2.4. Tubulin Gene Alterations in BC

We investigated single nucleotide mutations and copy number alterations (including gene amplification and gene deletion) of 27 tubulin genes and one pseudogene in 6714 BC tumor samples from 4205 meta-study cases. Alterations of tubulin genes in each tumor are shown in Tables S15 and S16. As shown in Figure 2, gene amplification and fusion were the most and the least frequent alteration types respectively, in the tubulin genes. Among the tubulin genes, TUBD1 (11% of cases) and TUBB1 (6.6% of cases) were the most frequently altered and amplified, and TUBA1A (0.5% of cases) and TUBA1B (0.52% of cases) were the least frequently altered tubulin genes. TUBA3D was found as the least (0.14% of cases) amplified gene.
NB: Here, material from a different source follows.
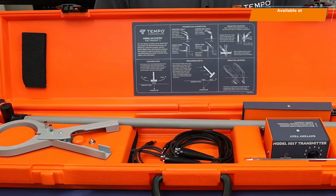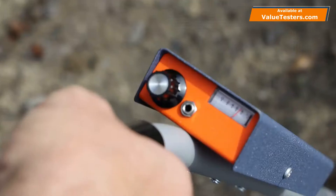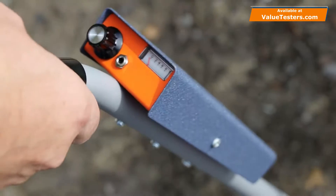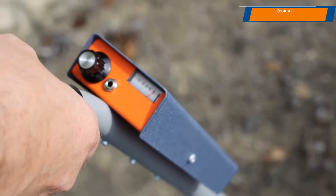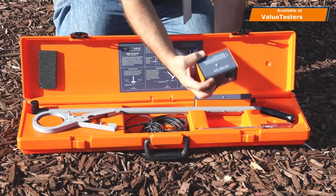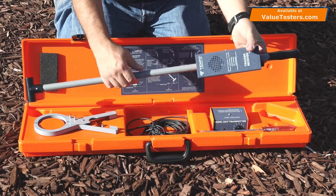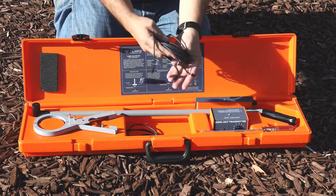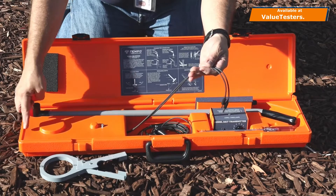The Model 501 Tracker is an excellent all-purpose cable and pipe locating system. The transmitter's high frequency output is well suited for locating very high resistance wire paths. The Model 501 system includes the 501T transmitter, the 501A receiver, an eight-foot test lead, an inductive coupler, and an inductive antenna built into the carrying case.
In the point of view of gene deletion, TUBB3 was the most (2.57% of cases) deleted gene in the tumors, while TUBA1A, TUBA1B, TUBA1C and TUBAL3 genes were not deleted in any of the samples (Figure 2).
We also investigated the genetic alterations of tubulin isoforms in PAM50 characterized 436 luminal A, 255 luminal B, 109 HER2-enriched and 188 basal-like subtypes of breast invasive ductal carcinoma tumor samples from The Cancer Genome Atlas (TCGA) studies [65,66]. Heatmap expression plot of PAM50 panel genes for each subtype are shown in Figure S1. Detailed data of gene alterations in each tumor subtype is shown in Tables S17–S24. Results showed that TUBB1 was the most frequently altered and amplified tubulin gene in the luminal A (5.05% of cases), the luminal B (7.06% of cases) and the HER2-enriched (13.76% of cases) subtypes, while TUBB8 was the most frequently altered (19.15% of cases) and amplified tubulin gene in the basal-like subtype (Figure 2C–E, Tables S17–S24). Interestingly, TUBB3 was the most frequently deleted tubulin isoform gene in the luminal A (2.29% of cases), the luminal B (1.96% of cases) and the HER2-enriched (2.75% of cases) subtypes, whereas, the basal-like tumors showed TUBGCP5 as the most frequent (3.72% of cases) deleted tubulin gene and TUBB3 was found amplified in 3.19% of the cases (Figure 2C–E, Tables S17–S24).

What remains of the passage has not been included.